* **DIRECTIONS FOR THIS TASK**: Without any pictures, print the lines below from the one that has "Tennis Manager 2022" through the one that has "Sims 4 House", exactly and nothing else.

* **GIVEN ENTRIES**:
..........

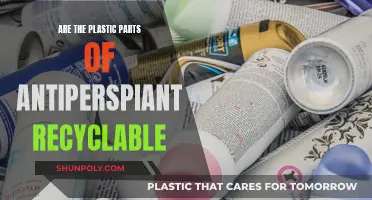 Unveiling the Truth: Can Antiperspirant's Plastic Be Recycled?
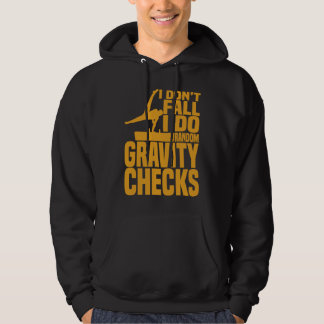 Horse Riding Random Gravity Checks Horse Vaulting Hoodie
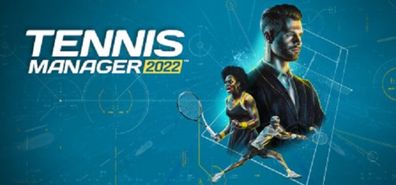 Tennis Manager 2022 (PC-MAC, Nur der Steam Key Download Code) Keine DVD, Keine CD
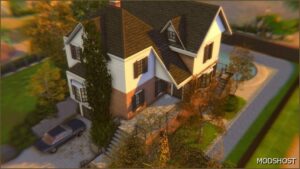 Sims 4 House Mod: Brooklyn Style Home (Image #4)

..........

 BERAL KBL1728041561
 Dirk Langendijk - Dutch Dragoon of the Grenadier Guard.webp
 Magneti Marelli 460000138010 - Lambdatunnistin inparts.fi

..........

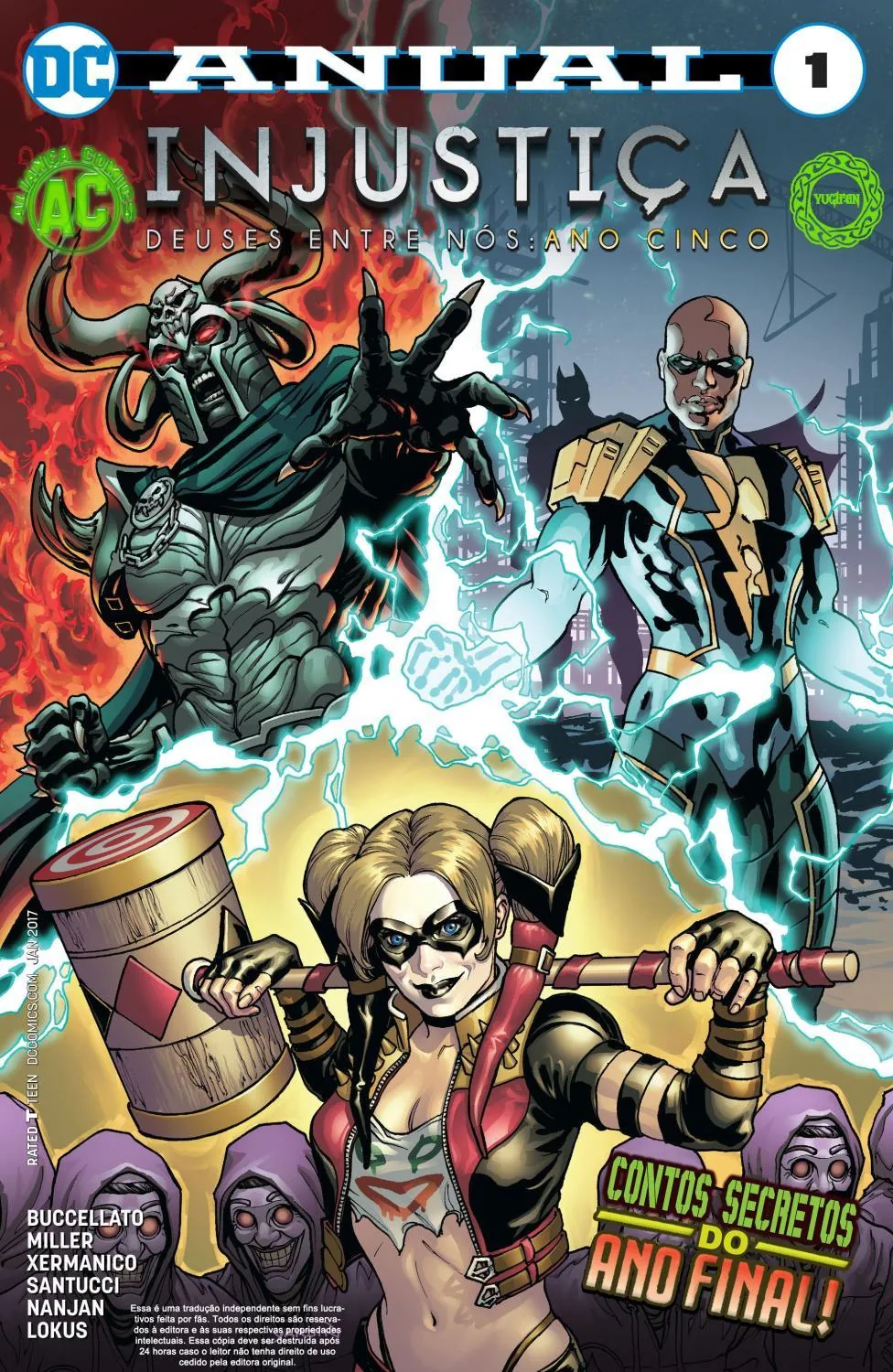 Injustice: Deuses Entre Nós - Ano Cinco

..........

* **PROBLEM SOLUTION**:
 Tennis Manager 2022 (PC-MAC, Nur der Steam Key Download Code) Keine DVD, Keine CD
 Sims 4 House Mod: Brooklyn Style Home (Image #4)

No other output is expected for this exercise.